◆ **ASSIGNMENT**: The first line of the entries is where the copy starts and the line with "Next, we're going" is where it ends; set down each line exactly, both ends included, and drop pictures.
(MATERIAL TO PROCESS Opens)
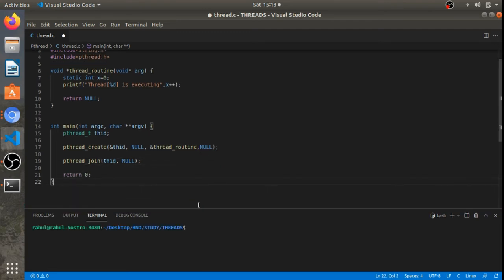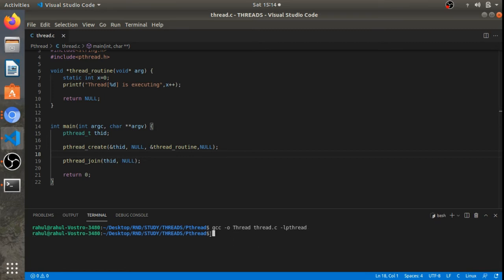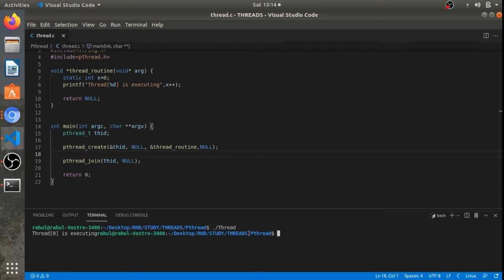Let's compile with: gcc -o thread thread.c and add the thread library with -lpthread so the linker resolves pthread_create and pthread_join. The file compiles successfully. Running the executable we see 'thread 0 is executing' printed on the console.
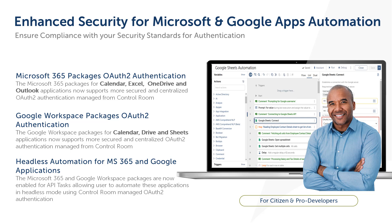With more secure grant flows in packages such as Calendar, Excel, OneDrive, and Outlook for Microsoft 365 apps, as well as Calendar, Drive, and Sheets for Google Workspace apps.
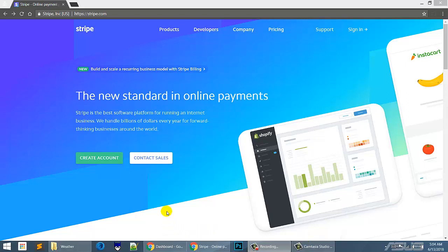Okay, in order to take credit cards, you need a company that will process that credit card for you.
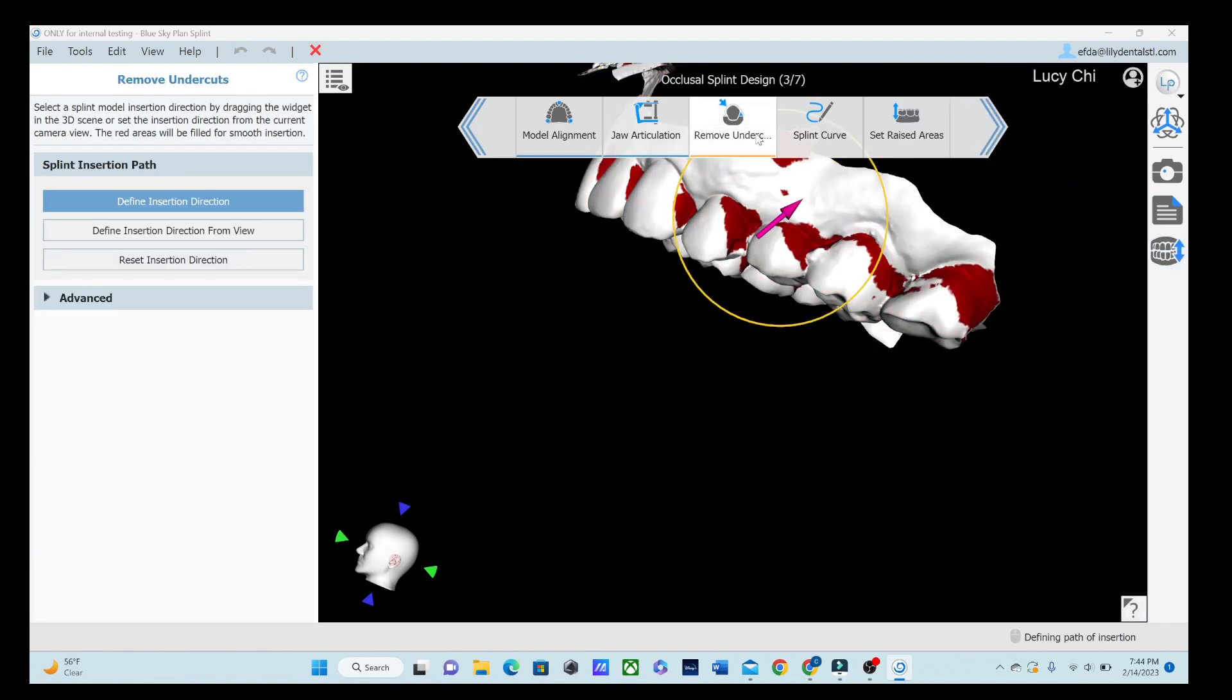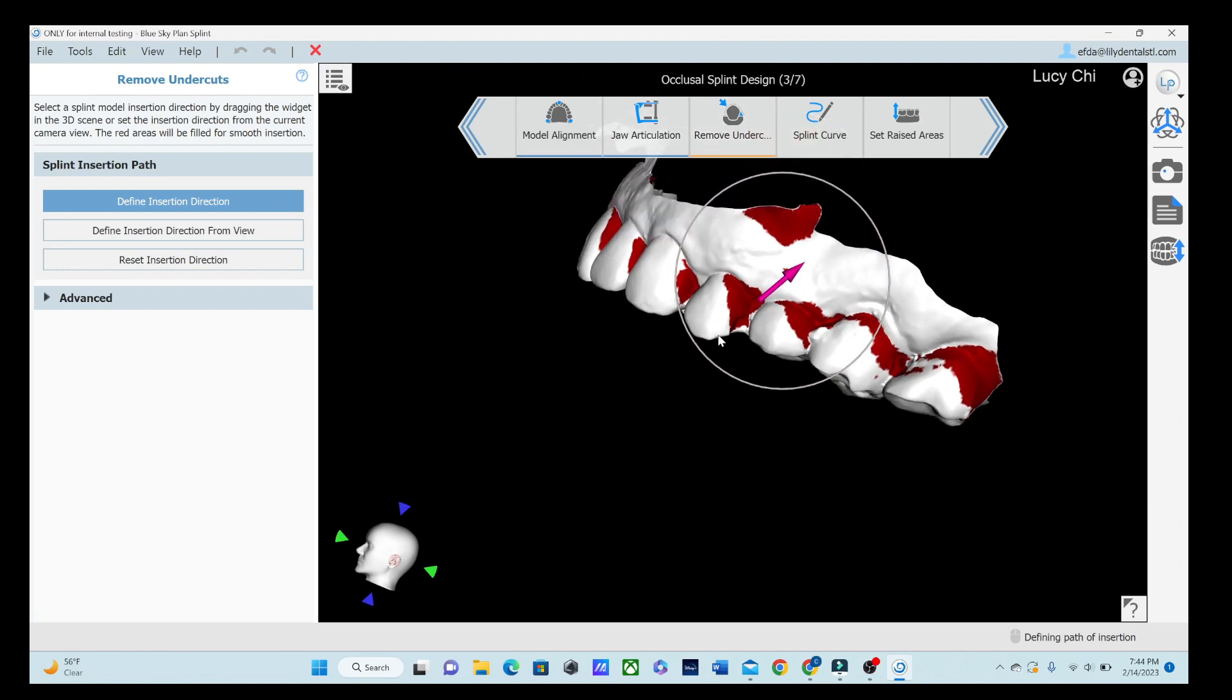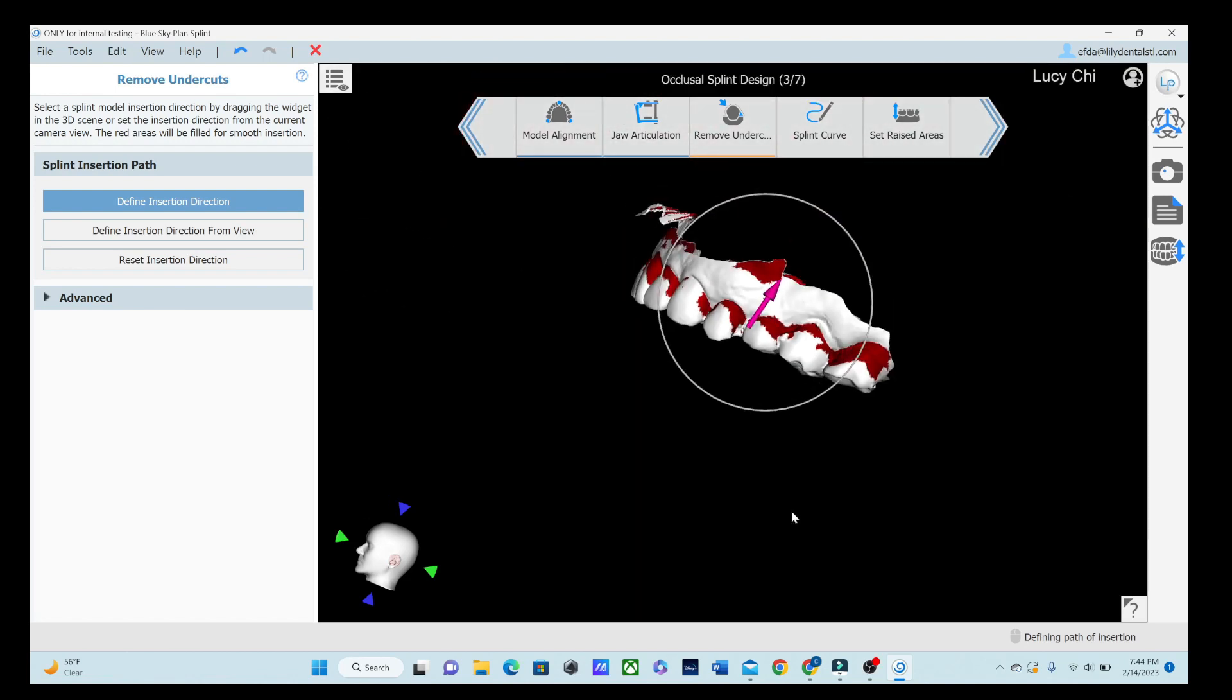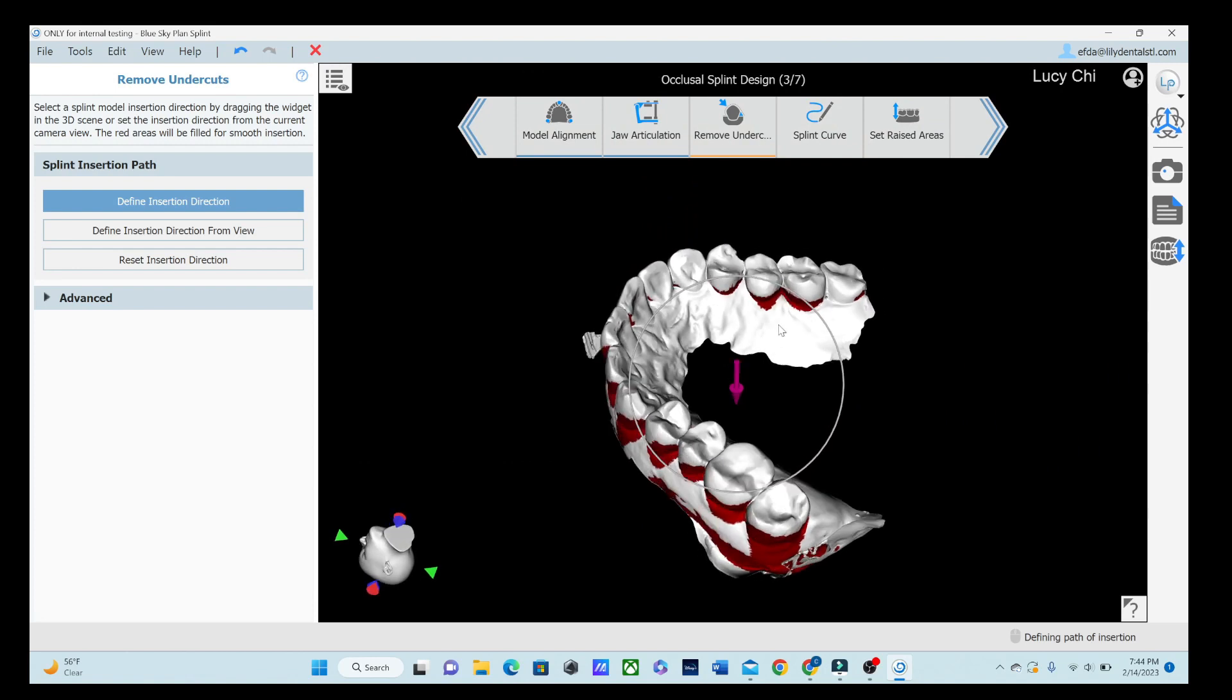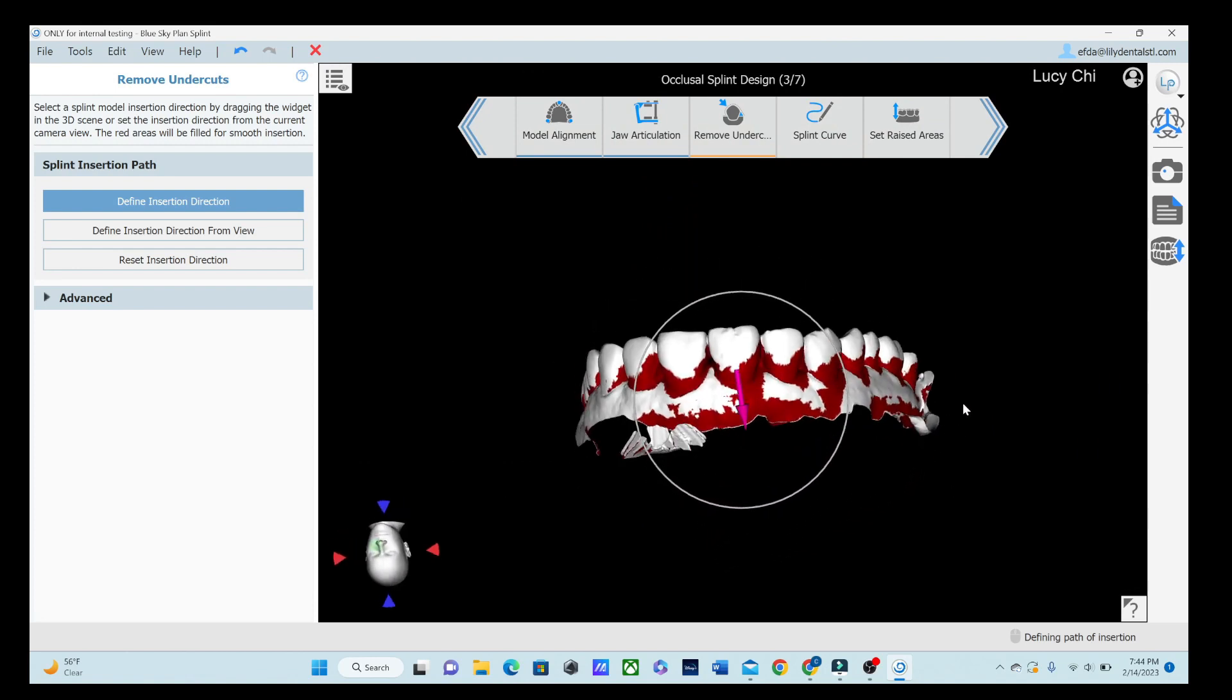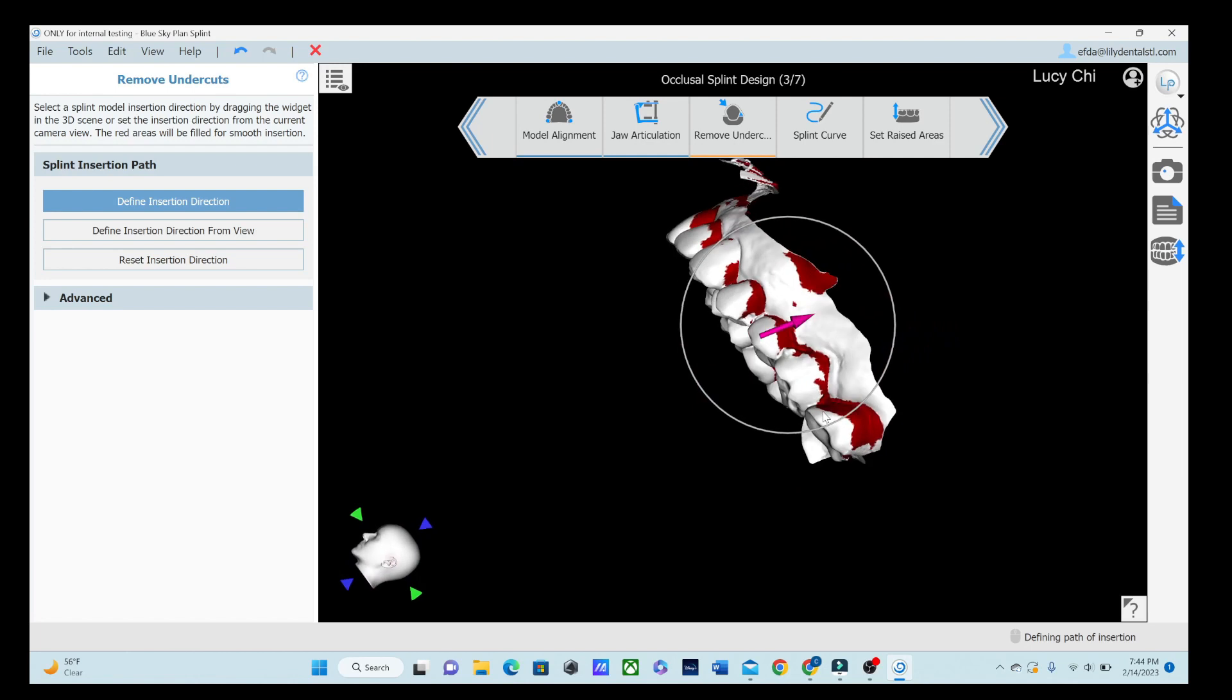Next, we're going to remove those undercuts by defining how it's going to be inserted. And I like my undercuts right across the gingival line because I'm going to be putting my splint right about here. And I want to engage some of those undercuts to keep it in, but not engage too many where the patient can't get it out. That is pretty happy with that one right there.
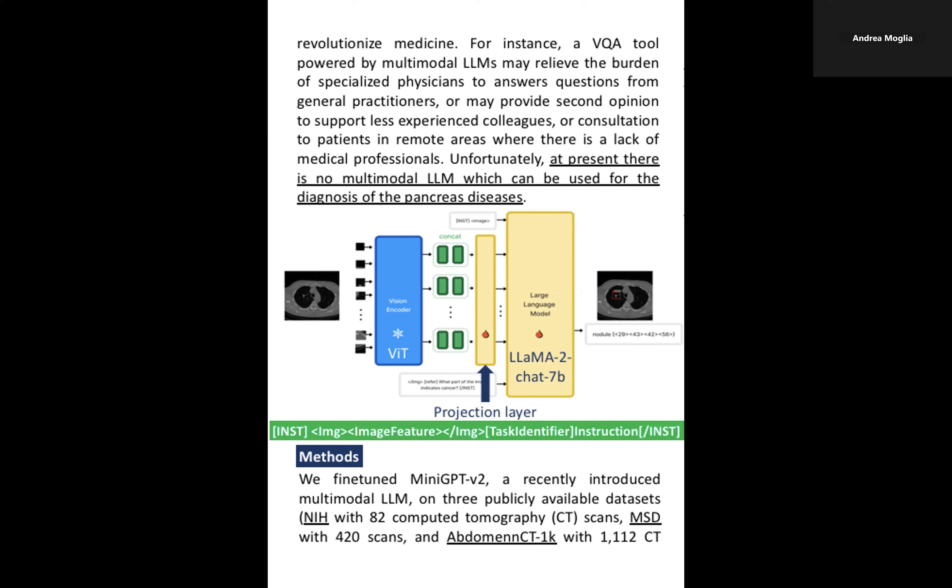MiniGPT-V2 consists of three main components: first, a vision encoder; second, a linear projection layer serving as a bridge to project extracted features from the vision encoder to the dimensions compatible with the LLM; and third, an LLM.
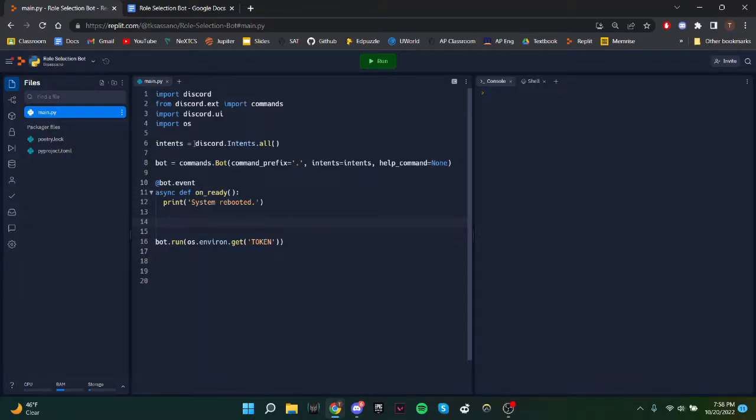So before we begin, just make sure you have all this imported. We'll start by making a class for roles.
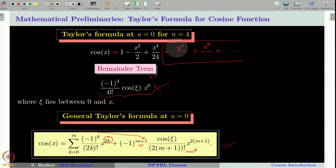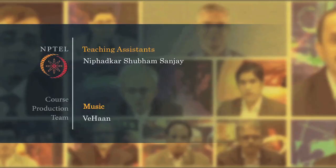With this, our discussion on Taylor approximation is over. We will meet you in the next class. Thank you.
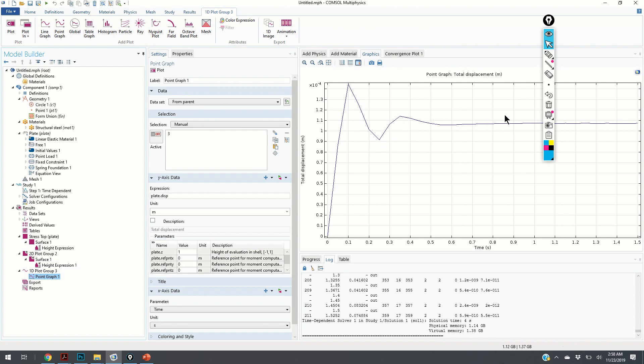Now, using the same procedure as the one explained in our previous video, we can save this as animation. We can get the height expression, etc. Thank you for watching this video. In the next video, we will explain how to incorporate Rayleigh Damping. That's another way of incorporating the model damping without the need to use spring damper foundation. Thank you.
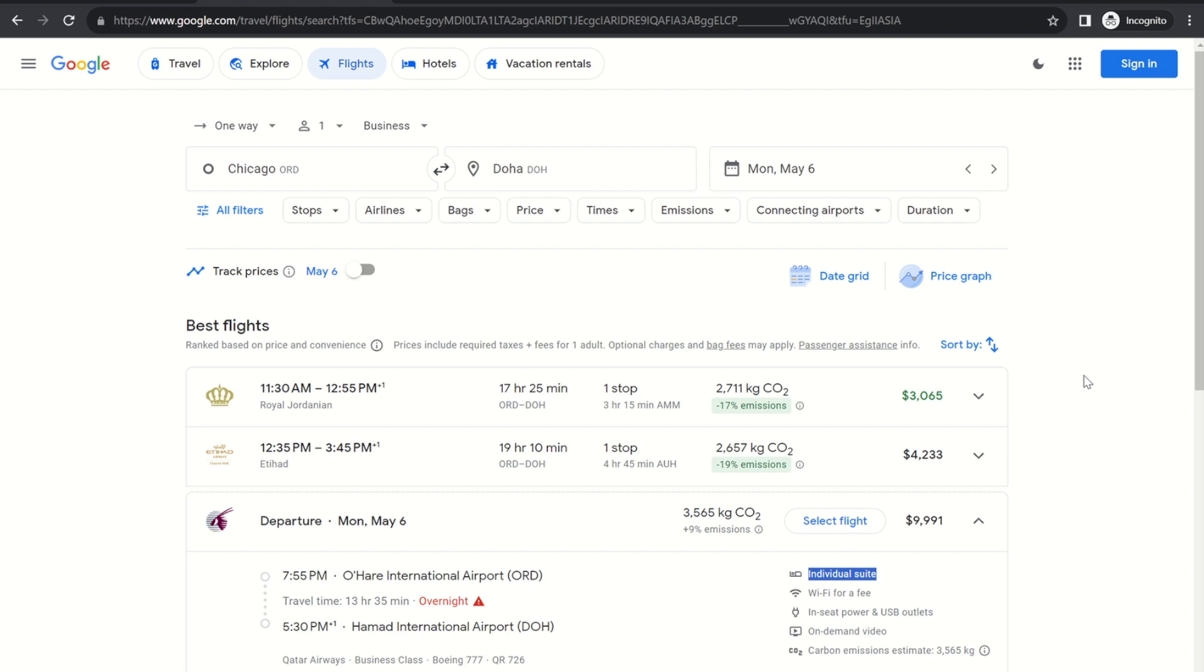And so let's say you have Chase points or American Express points or Capital One miles or Citi points or Built points, any of those. You can transfer those points to for example British Airways or to Qatar and then book your flights from there. And prices aren't going to be as great as with American Airlines but they're still going to be pretty good.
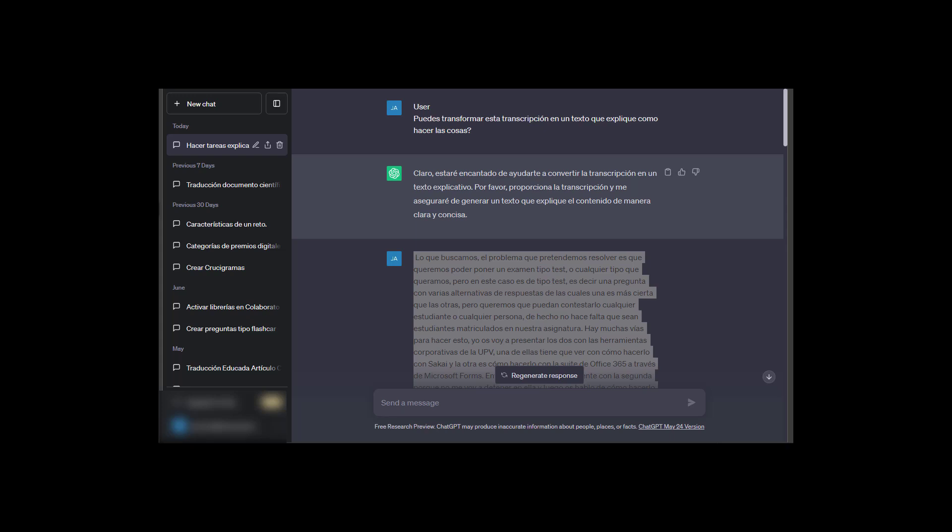So one of the uses that ChatGPT has is precisely the ability to help me refine the transcription. I have a recorded video, and with that video I create an automatic transcription using some artificial intelligence tools.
(MATERIAL TO PROCESS Closes)
◆ **REPLY TO THE TASK**:
Let's compile with: gcc -o thread thread.c and add the thread library with -lpthread so the linker resolves pthread_create and pthread_join. The file compiles successfully. Running the executable we see 'thread 0 is executing' printed on the console.
With more secure grant flows in packages such as Calendar, Excel, OneDrive, and Outlook for Microsoft 365 apps, as well as Calendar, Drive, and Sheets for Google Workspace apps.
Okay, in order to take credit cards, you need a company that will process that credit card for you.
Next, we're going to remove those undercuts by defining how it's going to be inserted. And I like my undercuts right across the gingival line because I'm going to be putting my splint right about here. And I want to engage some of those undercuts to keep it in, but not engage too many where the patient can't get it out. That is pretty happy with that one right there.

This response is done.